This is an excellent post and I believe that small calibration errors are often overlooked when testing at close distances . At mid distances these become clear misses.

 

I would tell you that I have three sources of intelligence on calibration of the leica M rangefinder and none of them put any emphasis on checking infinity .

 

1. In NJ the primary test is at about 10M . The body is placed on a large heavy looking fixture and the target is a backlit piece of test equipment hung on a wall about 10 m away. Thats the primary test. A wall chart is used at about 2M and this is a handheld test. Finally the distance test is a few shots of a nearby building that is clearly not at infinity. I stood there and watched the process and discussed the details with the technician.
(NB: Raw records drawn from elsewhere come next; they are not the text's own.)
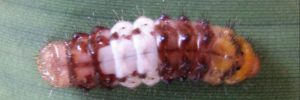 Final instar larva, top view: Sword-tailed Flash (Bindahara phocides yurgama)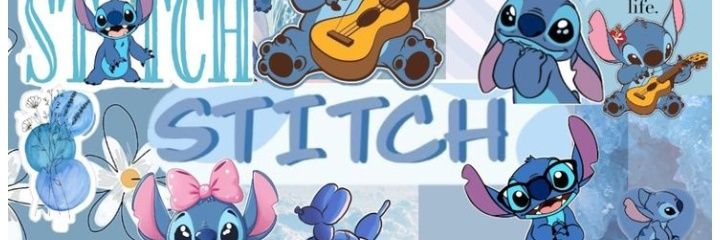 Erasmus Desired banner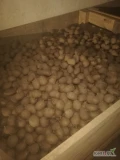 Sprzedam ok 1t ziemniaków Soraya kal 3,8-4,5 oraz ok 250kg ziemniaków Denar kal 3,8-4,5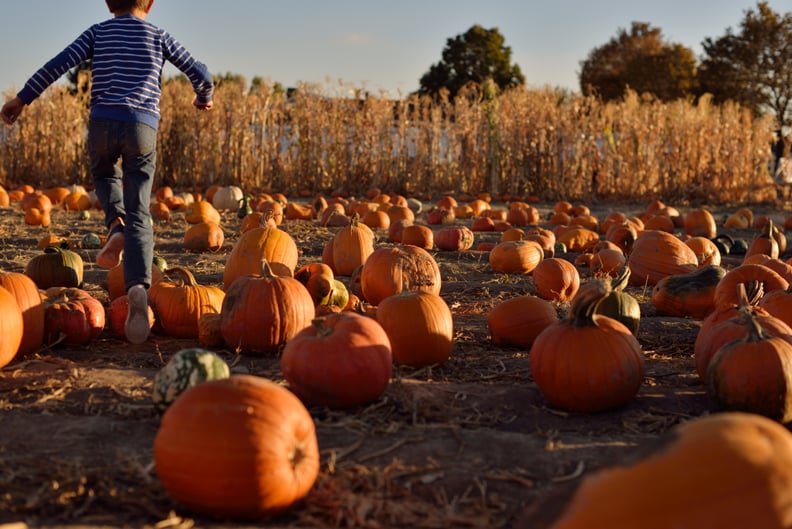 A kid jumps pumpkins in a patch.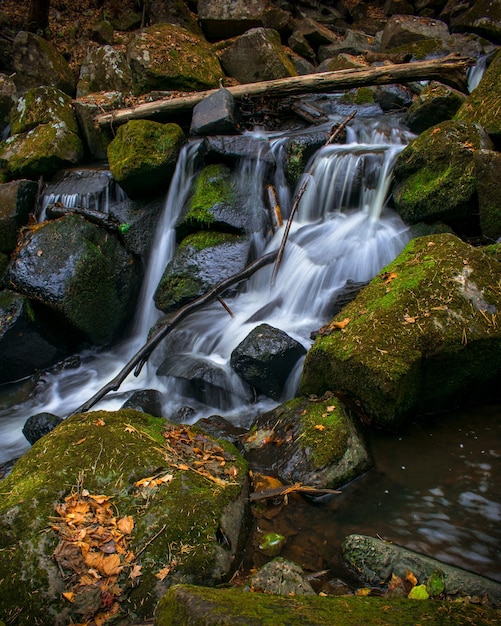 Ein wunderschöner Gebirgsbach, der zwischen großen, mit Moos bedeckten Felsbrocken im Taiga-Wald fließt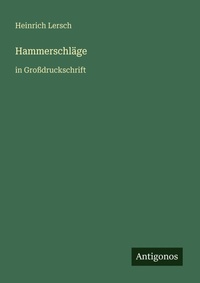 Enlarge image Cover: Hammerschlaege - Antigonos Verlag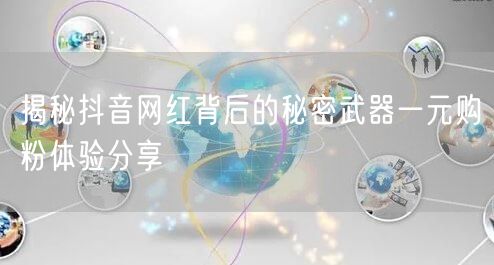 揭秘抖音网红背后的秘密武器一元购粉体验分享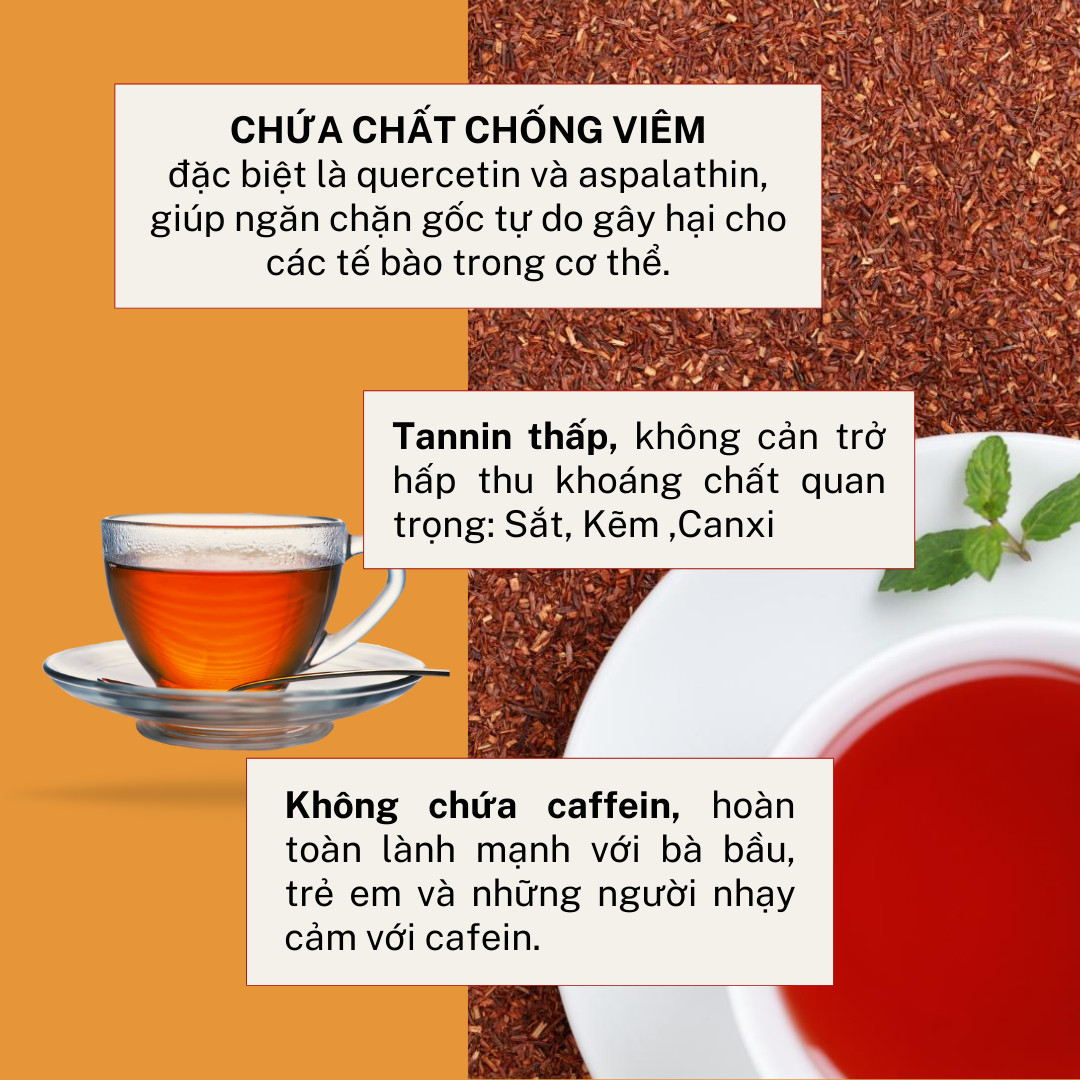 Trà thảo mộc Rooibos Nam Phi Natural 100gr ( 40 túi lọc)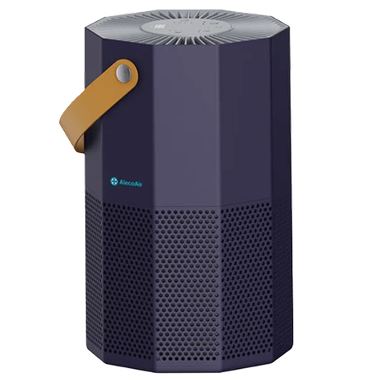 Alegerile Prezidențiale 2025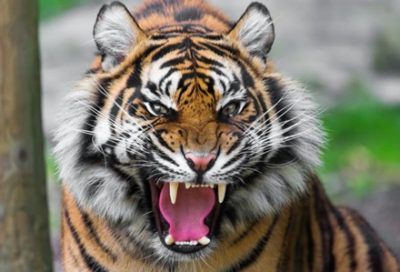 【批判】サーカスのトラたち太り過ぎてデブ猫に →動画像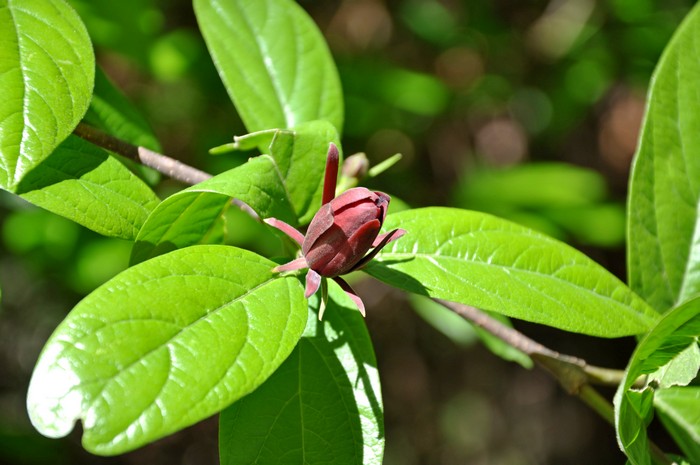 Image of Calycanthus floridus specimen.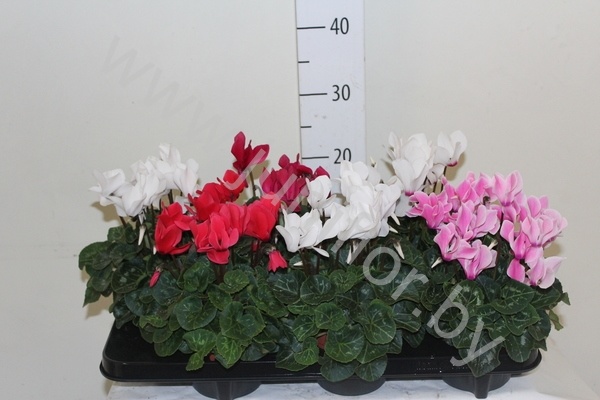 Цикламен Cyclamen SS Allure Gemengd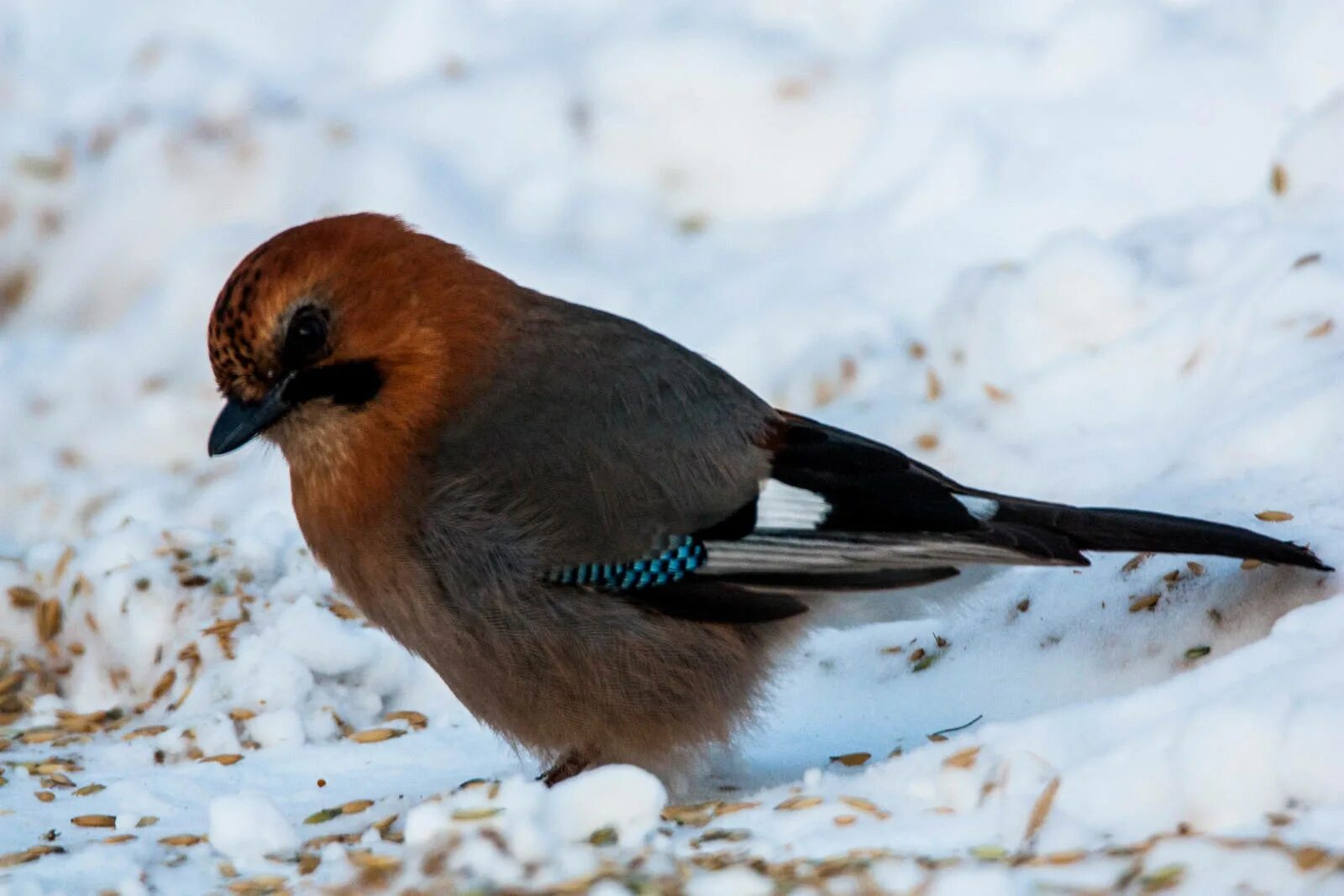 Птицы владимирской области фото с названиями Eurasian Jay (Garrulus glandarius). Birds of Siberia.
A reference 50mm and 90mm lenses were used . The process was similar to tuning a violin.

 

2. Having had the infinity focus issue in a big way with a 135apo ...I went thru this with DAG. It took 3 tries to get the 135apo to focus at infinity. When we discussed the testing DAG indicated that he has found that if it focuses accurately up close ..it will hold up thru infinity. He does not have a good infinity test available. I had to send him a file of images of mailboxes at 100ft spacing.

 

3. If you look at the video of those that went to the factory to see the M9 being produced you can see the Lens Align rulers at different distances ..all seem to be at close or medium range.

 

I think your logic is sound but this isn t how the professionals appear to be calibrating the M rangefinder.

 

It is an ongoing challenge and small variances in bodies and lens can easily create misconceptions about ones equipment. Lens you think are spot on may be slightly off and the body is off to zero out the variance.

 

And again I am not challenging your POV but just pointing out what I learned talking with Leica and DAG. I am sure I have much to learn. I do completely agree that when the system is on.. it is superbly accurate .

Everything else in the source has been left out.